Другое коренное свойство складывающейся поствестфальской системы — ее принципиальная нестационарность, предполагающая активный, турбулентный характер ряда процессов и перманентное управление хаотизированной средой. Стабильность при этом начинает пониматься не как статичная, но как динамичная категория, определяющее свойство которой — способность к опережению негативного развития событий, их превентивное регулирование (т.е. скорее crisis management, чем crisis resolution). Важный аспект перемен — смена технологии управления. Новые ценности, организационные схемы и принципы взрывают прежние институции, изменяя привычные коды власти. Происходит маргинализация всего корпуса “легальной власти”, национальной публичной политики, ее заметное принижение альтернативной системой социальной регуляции — властью “неформальной”, транснациональной, геоэкономической. И параллельно — совершается глобальная экспансия сетевых структур, этого весьма пестрого конгломерата социальных, политических, экономических, культурных организмов. Тут присутствуют клубы различного уровня влияния и компетенции, разнообразные религиозные и квазирелигиозные организации, глобалистские и антиглобалистские структуры, наконец, разного рода асоциальные, террористические организации, весь пестрый и эклектичный мировой андеграунд.

Новая культура, подобно вирусам, может соприсутствовать во плоти прежних социальных организмов, в недрах которых прочерчиваются границы новоявленного “столкновения цивилизаций” — конфликта между централизованной иерархией и сетевой культурой, между администратором и творцом, между центростремительными и центробежными тенденциями. Сетевая организация лучше приспособлена к динамичному, турбулентному состоянию социальной среды, где вместо непрерывной функции она реализует дискретные проекты. Сетевая культура и возникает-то с особой интенсивностью именно на разломах, в моменты социального кризиса или взлета. Проектная логика способна в этих непростых условиях минимизировать влияние долгосрочных, инерционных воздействий и связанных с ними принципиальных ошибок.

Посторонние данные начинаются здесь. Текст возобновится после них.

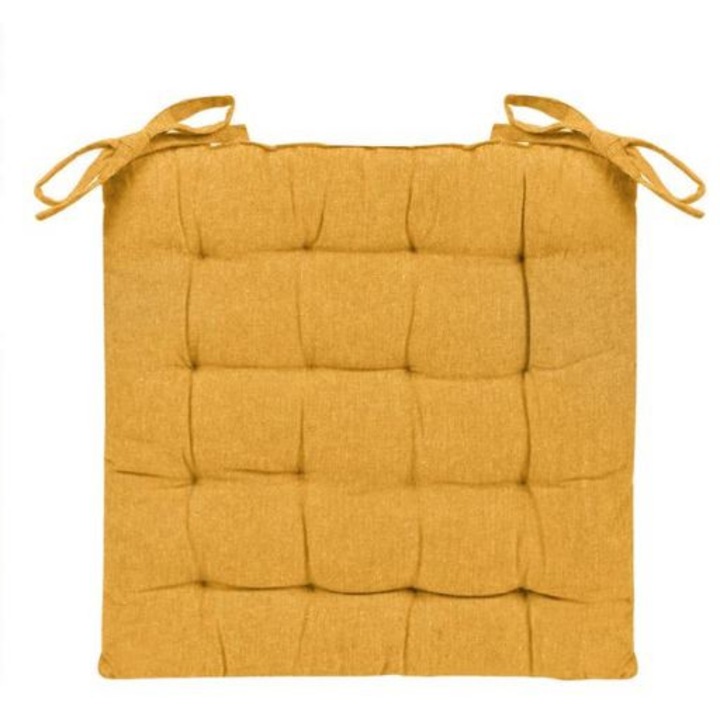 Perna scaun ocru, sistem de prindere, bumbac, 40x40x4 cm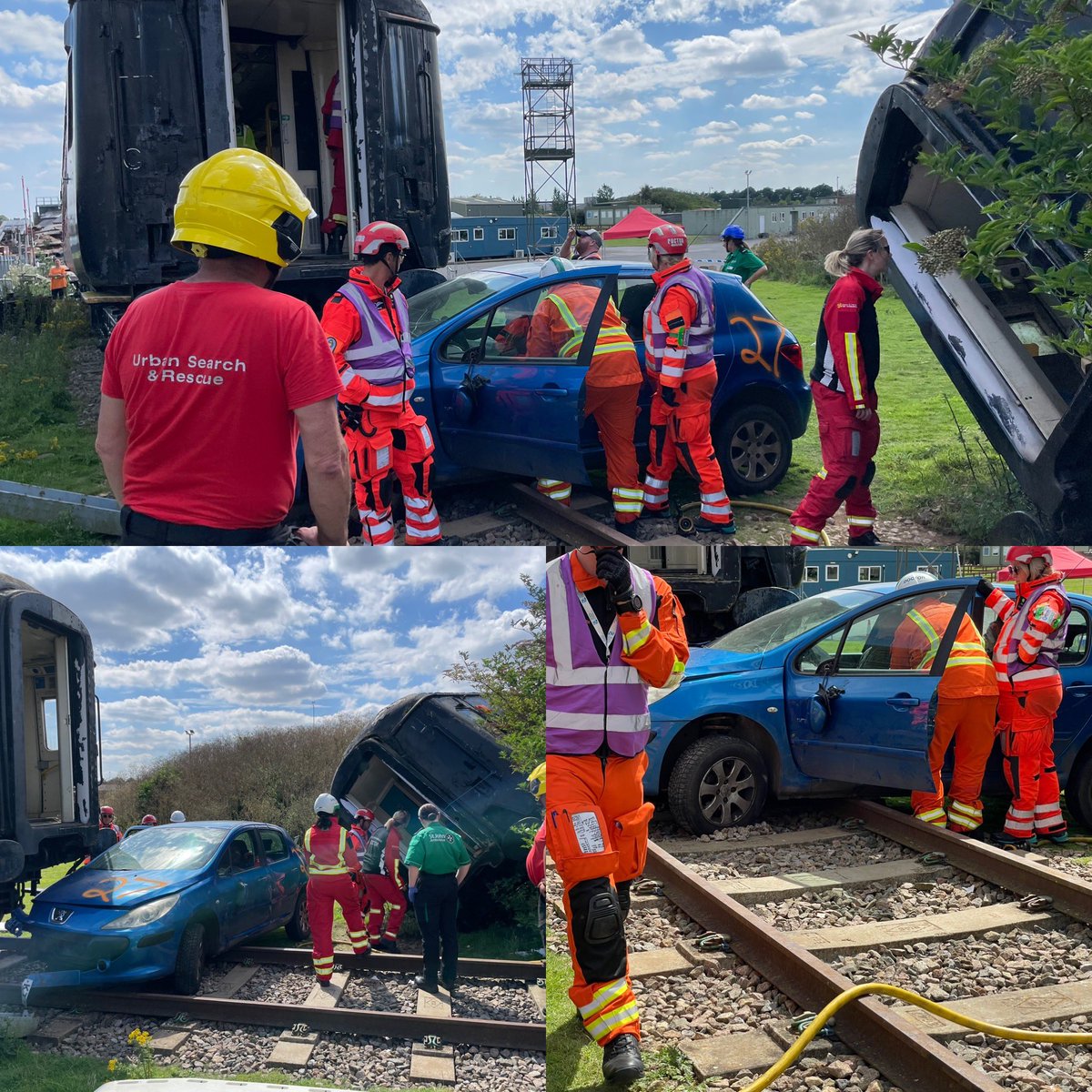 DarylJBrown's tweet image. Visiting the national PHEM training course in Lincs. Great to see the next national intake of Air Ambulance clinicians training, it was major incident day. Not sure if wet brows were due to ☀️ or the sims which were VERY realistic! Train crash simulation below 🤯#IBTPHEM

Активно формируется и поствестфальская международно-правовая парадигма, закрепляющая в общественном сознании и в пространстве международных отношений “новый обычай” в качестве специфической нормы своеобразного протоправа. Его характерные черты — нечеткость законодательной базы, превалирование властной политической инициативы над юридически закрепленными полномочиями и сложившимися формами поведения государств на международной арене (важность этого фактора усиливается значением прецедента в англосаксонской правовой культуре), неформальный характер ряда влиятельных организаций, анонимность и принципиальная непубличность значительной части принимаемых ими решений и т.п. Новацией последнего времени, в контексте господства норм международного права над национальным законодательством, является выстраиваемая практика судебного преследования со стороны международных и иностранных органов правосудия отставных и даже действующих глав государств, а также иных лиц, занимающих высокие государственные посты. Кроме того, множатся попытки национальных судебных органов принимать решения, обязательные для исполнения иностранными государствами и международными организациями. В Новом мире судебная власть со временем может занять совершенно особое положение, плавно трансформировавшись, — в отличие от национальных ветвей: исполнительной и законодательной, — во власть транснациональную. Еще одна из рецептур аналитической кухни: “Амбициозная корпорация” — новые прописи организационных структур и технологий управления.

Корпорации реализуют себя в рамках определенного уклада, который, являясь контекстом их деятельности, во многом определяет, “матрицирует” поле возможностей и формы активности. В ХХ столетии, в результате стремительного развития производительных сил — достигнутого на волне инноватики, научно-технической революции — существенно изменилось соотношение между производством и маркетингом, ибо основной “головной болью” экономики стало не производство, а платежеспособный спрос. При этом процесс ценообразования постепенно уходил от жесткой связи с себестоимостью продукта, ориентируясь, скорее, на возможности и желание потребителя, что в свою очередь потребовало перманентного обновления форм подачи продукта, совмещения его потребительских свойств с меняющейся модой, долгосрочной ценовой политики, формируя, наряду с “престижным потреблением” все более широкий кластер “искусственных потребностей”. В скобках, кроме того, я бы отметил развитие различных деструктивных технологий — в частности, появление феномена высокотехнологичных войн и локальных конфликтов, — а также общее торможение научно-технического процесса к концу века, установившийся приоритет оптимизационной инноватики и широкое обсуждение соответствующих социальных решений. В свою очередь все это предопределило усилия корпораций по преадаптации — поиску новых ниш деятельности, новых предметных полей, что позволяло на какое-то время запускать квазимонопольный характер ценообразования, но, главное, очерчивало в сознании потребителей определенный сегмент актуальной реальности, тесно связывая его с тем или иным “брэндом”. Типичная в этой области ситуация стала в конце концов определяться соотношением: “продается товар, покупается — брэнд”.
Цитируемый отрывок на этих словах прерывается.